To overcome this issue, an improved drop-in method called the auto-centering has been developed recently [4]. This method is based on the use of the geometrical relationship between lens diameter, lens radius of curvature, and the thread angle of the retaining ring. The barrel thread angle and the spatial profile of the peripheral region of the lens surface are selected to create auto-centering conditions, whereby any decentering of the retaining ring and a corresponding tilt of the retaining ring have counterbalancing effects on the centering of the optical element. Thus, the lens is maintained aligned independently of the ring positioning error. The thread angle to meet the auto-centering condition for a given lens geometry is defined by the following equation:
$$\varphi_{\text{threads}} = 2\tan^{ - 1} \left( {\frac{{d_{\text{ring}} }}{{2\sqrt {R^{2} - Y^{2} } + 2h + T}}} \right),$$
(2)
where dring is the major diameter of the retaining ring, R is the radius of curvature of the lens surface in contact with the retaining ring, Y is the half-diameter of the retaining ring’s clear aperture, h is the distance between the lens point of contact with the ring and the first thread, and T is a parameter associated with the ring thickness [5]. Figure 4 shows a lens barrel assembly, where the auto-centering condition is met. It can be seen that the retaining ring is decentered and tilted within the thread assembly clearance. However, even if the ring has a positioning error, the lens is still centered on the barrel reference axis, since the auto-centering condition is met.
Fig. 4

Auto-centered lens not affected by the ring positioning error

Experimental measurements have demonstrated that the auto-centering method results in centering errors typically lower than 0.5 arcmin for the lens surface in contact with the ring. This new lens mounting method has the advantage of providing very accurate centering while relaxing the manufacturing tolerances on lens wedge, lens diameter, and barrel bore diameter as required for the precision drop-in method. Using different thread shape, the auto-centering method allows centering of convex, planar, concave, and aspheric lenses.

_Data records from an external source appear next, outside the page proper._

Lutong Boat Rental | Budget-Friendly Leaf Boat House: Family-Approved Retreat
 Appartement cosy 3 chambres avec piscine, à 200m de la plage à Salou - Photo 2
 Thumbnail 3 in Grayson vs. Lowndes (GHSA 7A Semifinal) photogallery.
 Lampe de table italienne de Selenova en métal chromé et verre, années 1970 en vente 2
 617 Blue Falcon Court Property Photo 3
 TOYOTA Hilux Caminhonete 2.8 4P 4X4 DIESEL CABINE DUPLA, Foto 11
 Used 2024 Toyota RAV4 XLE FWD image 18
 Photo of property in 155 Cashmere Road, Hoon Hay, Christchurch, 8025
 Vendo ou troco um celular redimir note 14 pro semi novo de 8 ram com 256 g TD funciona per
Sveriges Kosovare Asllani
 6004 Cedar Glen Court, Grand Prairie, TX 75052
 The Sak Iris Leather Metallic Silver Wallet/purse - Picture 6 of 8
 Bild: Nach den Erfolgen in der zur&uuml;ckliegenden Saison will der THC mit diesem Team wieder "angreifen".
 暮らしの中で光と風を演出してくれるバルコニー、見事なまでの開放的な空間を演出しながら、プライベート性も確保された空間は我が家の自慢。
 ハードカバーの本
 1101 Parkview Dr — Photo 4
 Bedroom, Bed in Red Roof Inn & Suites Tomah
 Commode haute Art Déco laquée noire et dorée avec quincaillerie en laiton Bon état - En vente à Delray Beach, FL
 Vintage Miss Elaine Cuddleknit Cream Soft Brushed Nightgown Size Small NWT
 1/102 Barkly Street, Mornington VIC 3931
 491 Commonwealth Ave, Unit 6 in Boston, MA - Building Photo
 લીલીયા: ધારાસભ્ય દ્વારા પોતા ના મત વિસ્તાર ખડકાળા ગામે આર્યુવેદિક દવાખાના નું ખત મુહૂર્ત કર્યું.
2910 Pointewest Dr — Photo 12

3 Aspheric lens auto-centering

In the case of aspheric lens, the same equation as for spherical lenses can be applied to determine the auto-centering thread angle using the local radius of curvature at the ring interface diameter [6]. Figure 5 shows an example of a lens having two aspheric surfaces mounted with the auto-centering method. Exaggerated manufacturing errors on decenter and tilt of the aspheric surfaces are shown in the figure. The barrel seat constrains the aspheric surface 2, so that the center of curvature of the local radius at the barrel seat interface diameter (point 5) is centered on the barrel reference axis. The threaded ring on the left side of the figure constraints and auto-centers the aspheric surface 1, so that the center of curvature of the local radius at the threaded ring interface diameter (point 2) is also centered on the barrel reference axis. The centering errors of the paraxial spheres of both lens surfaces result from the lens manufacturing errors on the aspheric surfaces decenter and tilt with respect to each other.
Fig. 5

Auto-centered bi-aspheric lens

The difference between active alignment and auto-centering of aspheric lens is that the centering is done at the center of curvature of the local radius interfacing with the ring (point 2) for the auto-centering rather than at the paraxial sphere center of curvature (point 3) for the active alignment. Figure 6 shows an example of a lens having a spherical surface mounted on the barrel seat and an aspheric surface aligned with a centering machine, so that the paraxial sphere (point 3) is centered on the barrel reference axis.
Fig. 6

Aspheric-spherical lens active alignment

For both aspheric centering methods, it is unfortunately impossible to provide a perfect centering because of the decenter and tilt manufacturing errors between the aspheric surface and the optical surface in contact with the barrel seat.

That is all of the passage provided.